• Task to complete: From the listing below, give again exactly the lines from the line with "Trabzon'da 4 noktada orman yangını" to the line with "Salmon Oil for Dogs 32 oz L955489", ends included, without any pictures.

• Records to use:
┌────────

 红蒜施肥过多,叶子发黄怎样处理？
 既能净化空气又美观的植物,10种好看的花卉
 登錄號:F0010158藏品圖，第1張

└────────
┌────────

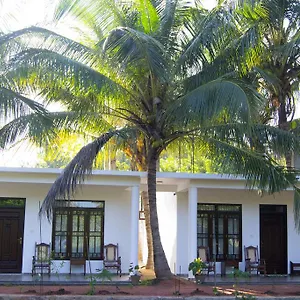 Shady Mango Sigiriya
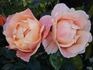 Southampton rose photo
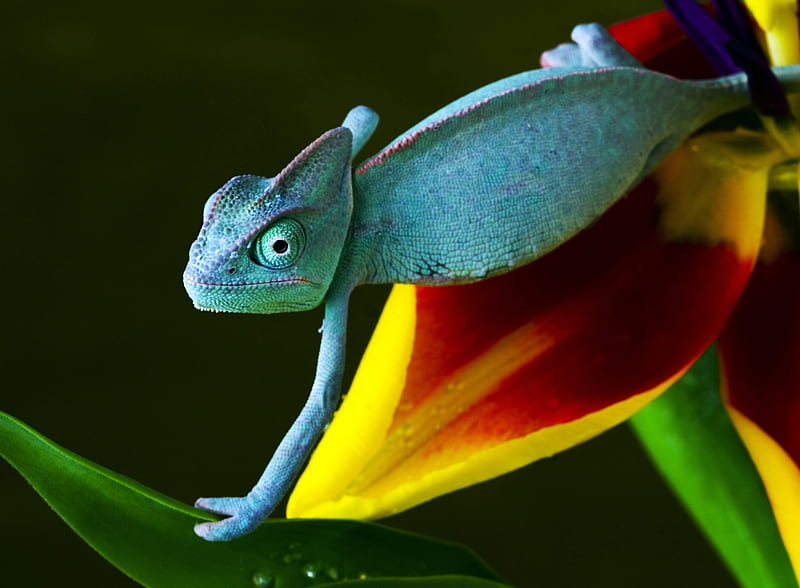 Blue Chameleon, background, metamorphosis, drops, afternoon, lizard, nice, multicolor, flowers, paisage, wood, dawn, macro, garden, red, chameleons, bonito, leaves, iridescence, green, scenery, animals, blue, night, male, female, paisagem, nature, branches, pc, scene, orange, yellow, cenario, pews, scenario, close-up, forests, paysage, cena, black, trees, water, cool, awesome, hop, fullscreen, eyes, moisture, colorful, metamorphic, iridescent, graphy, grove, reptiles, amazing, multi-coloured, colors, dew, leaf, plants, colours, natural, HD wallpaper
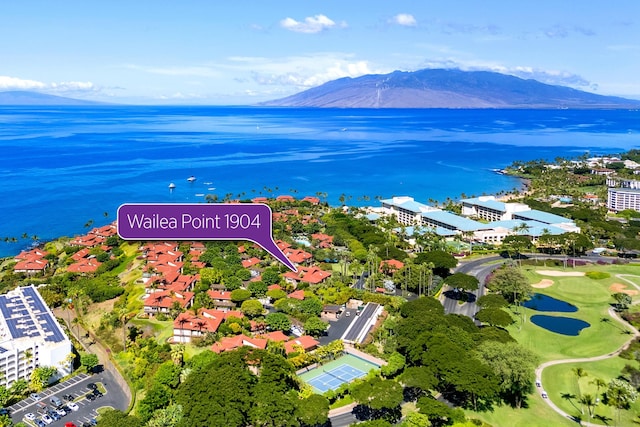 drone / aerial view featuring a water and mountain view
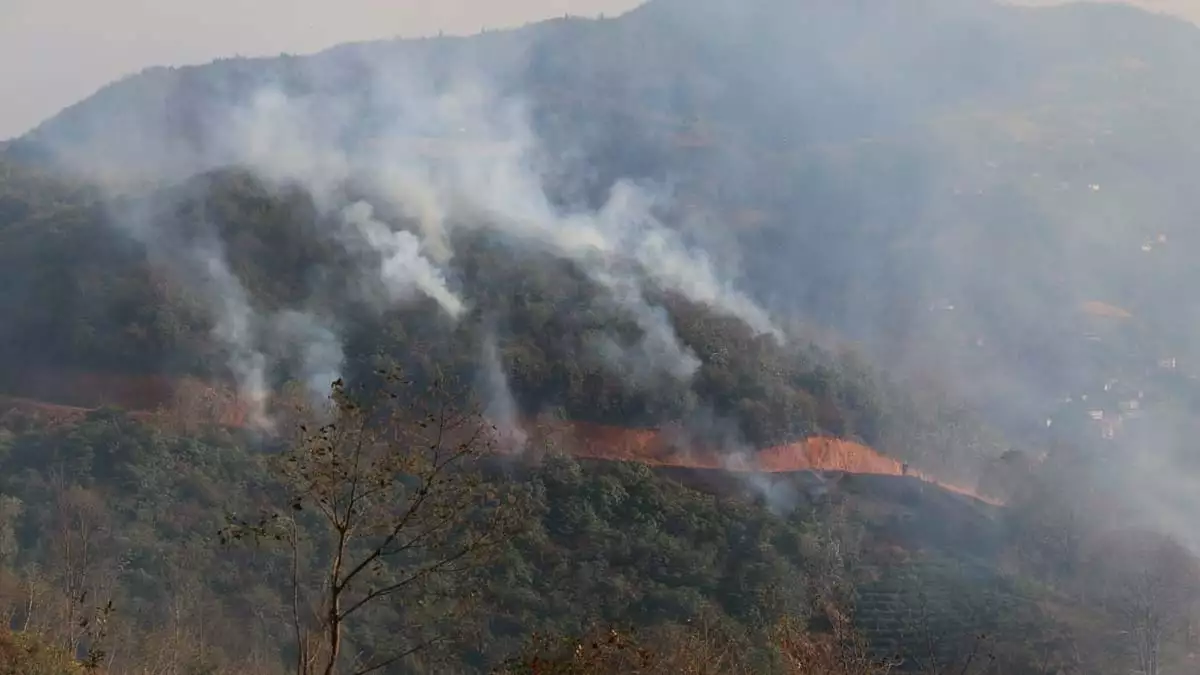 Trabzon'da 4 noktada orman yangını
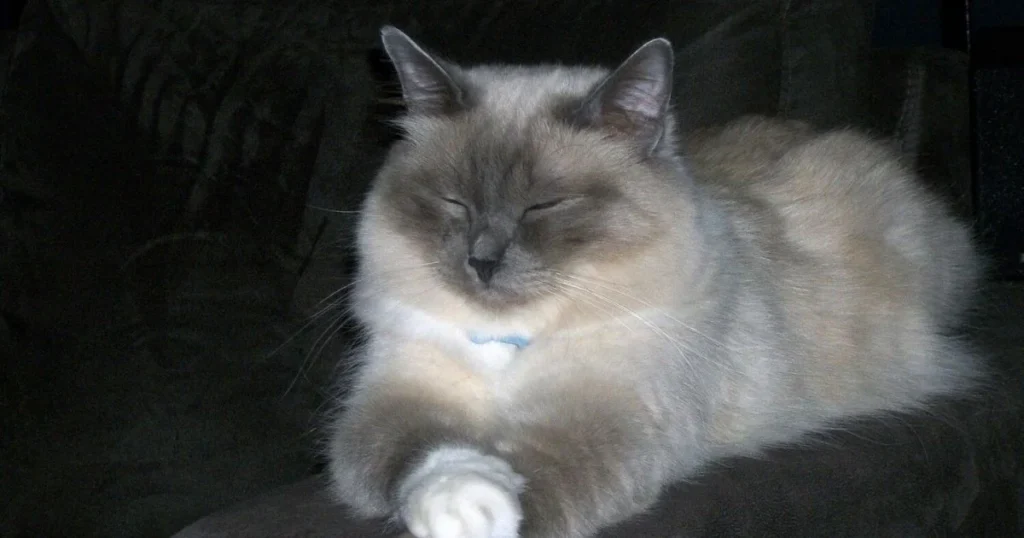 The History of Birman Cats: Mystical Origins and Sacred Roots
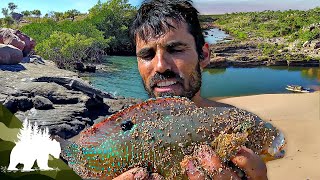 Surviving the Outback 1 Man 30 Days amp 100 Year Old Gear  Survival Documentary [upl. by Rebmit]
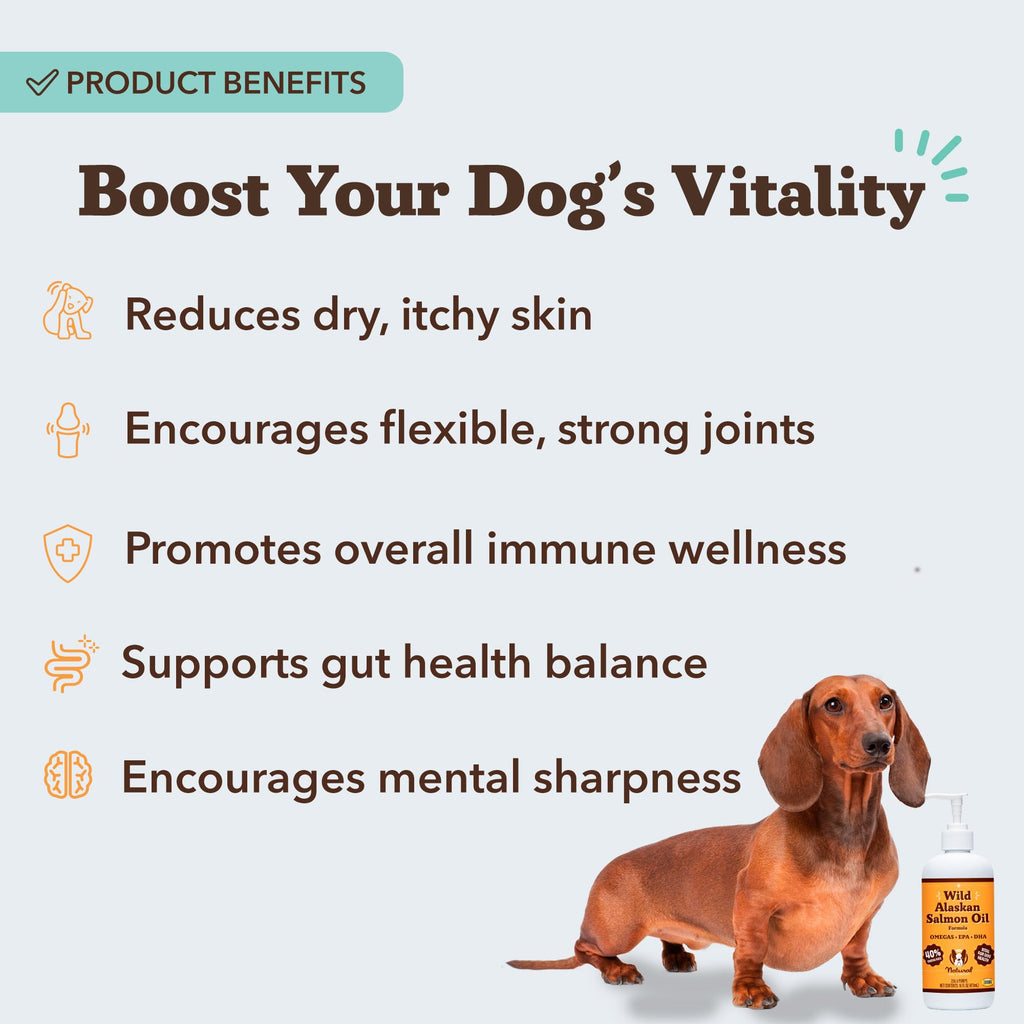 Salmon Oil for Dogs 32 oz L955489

└────────

• Task result:
 Trabzon'da 4 noktada orman yangını
 The History of Birman Cats: Mystical Origins and Sacred Roots
 Surviving the Outback 1 Man 30 Days amp 100 Year Old Gear  Survival Documentary [upl. by Rebmit]
 Salmon Oil for Dogs 32 oz L955489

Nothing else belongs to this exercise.